═════ THE RECORDS ═════

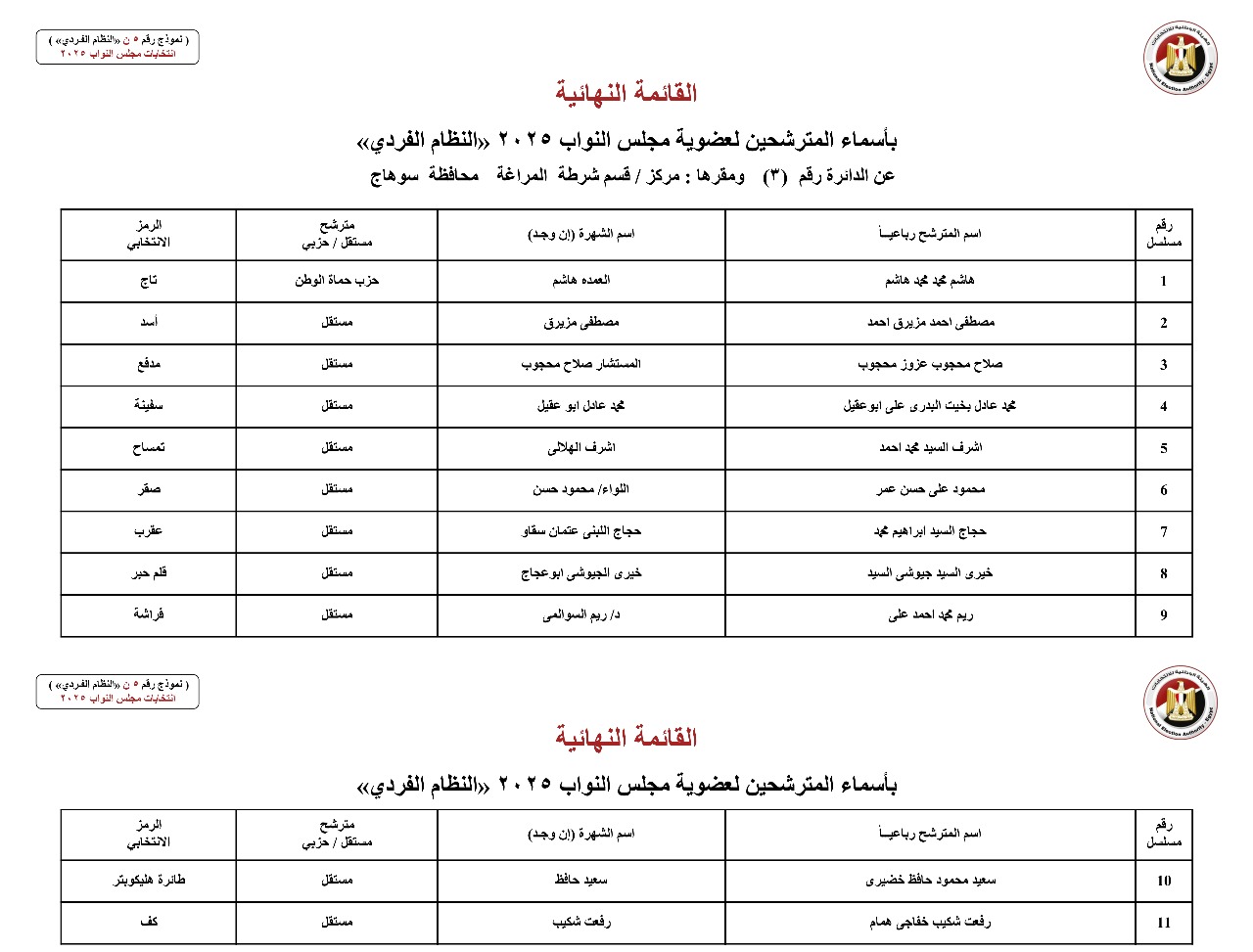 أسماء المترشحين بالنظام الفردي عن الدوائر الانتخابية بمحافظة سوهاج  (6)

═════
═════ THE RECORDS ═════

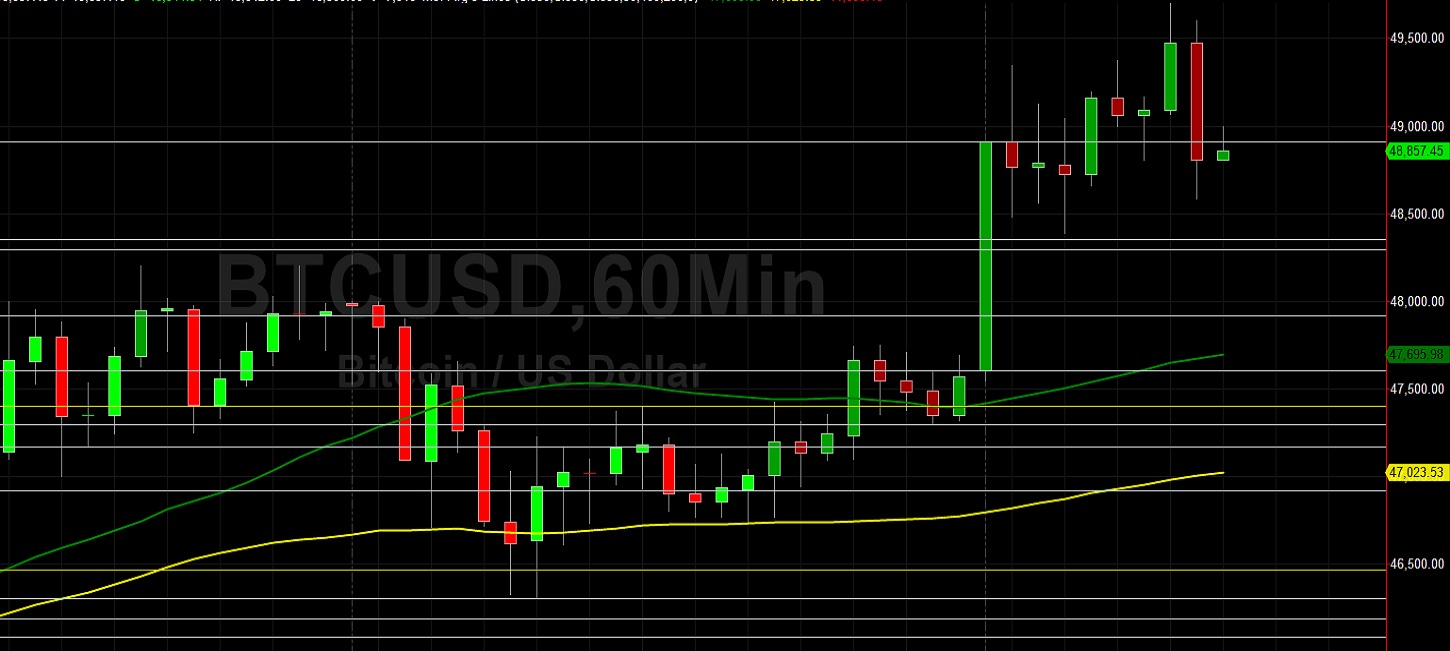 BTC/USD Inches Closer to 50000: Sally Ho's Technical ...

═════
═════ THE RECORDS ═════

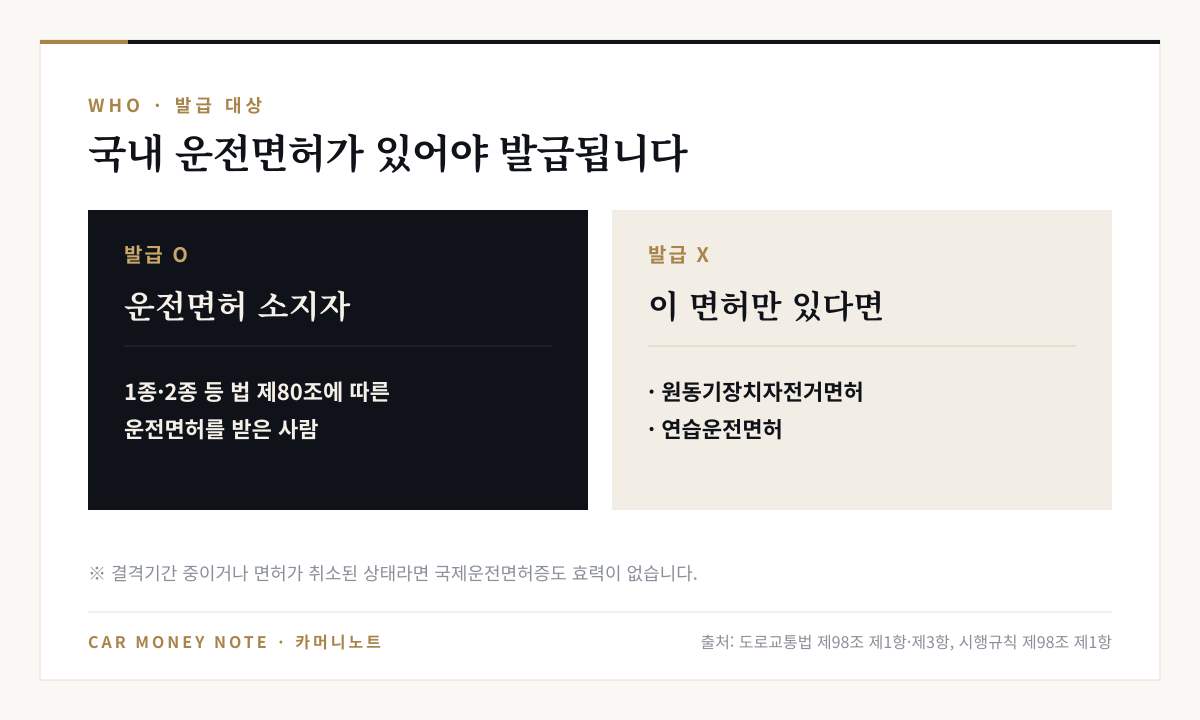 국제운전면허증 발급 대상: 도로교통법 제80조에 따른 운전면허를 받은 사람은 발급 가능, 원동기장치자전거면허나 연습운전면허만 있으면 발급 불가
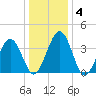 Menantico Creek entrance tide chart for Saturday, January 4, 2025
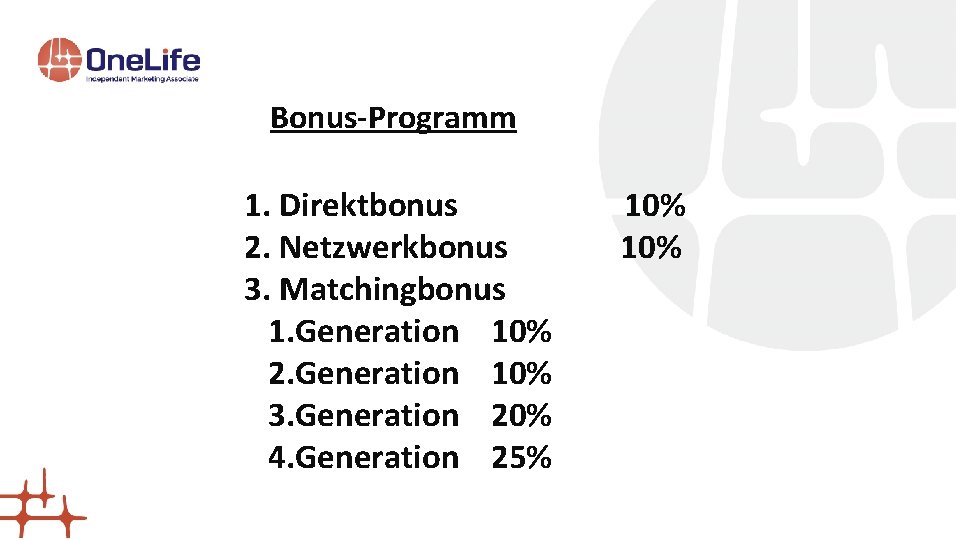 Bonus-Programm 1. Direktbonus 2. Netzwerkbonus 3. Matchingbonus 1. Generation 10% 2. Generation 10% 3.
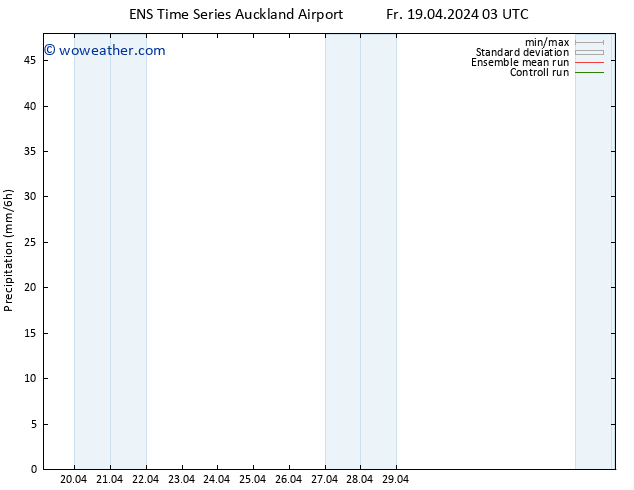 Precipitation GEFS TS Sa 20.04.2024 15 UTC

═════

### EXERCISE DESCRIPTION
Since the pictures are not part of the copy, please transcribe only the lines above from the one with "국제운전면허증 발급 대상: 도로교통법" through the one with "Precipitation GEFS TS Sa 20.04.2024 15 UTC", exactly and with both ends.

### SOLUTION TO THIS EXERCISE
 국제운전면허증 발급 대상: 도로교통법 제80조에 따른 운전면허를 받은 사람은 발급 가능, 원동기장치자전거면허나 연습운전면허만 있으면 발급 불가
 Menantico Creek entrance tide chart for Saturday, January 4, 2025
 Bonus-Programm 1. Direktbonus 2. Netzwerkbonus 3. Matchingbonus 1. Generation 10% 2. Generation 10% 3.
 Precipitation GEFS TS Sa 20.04.2024 15 UTC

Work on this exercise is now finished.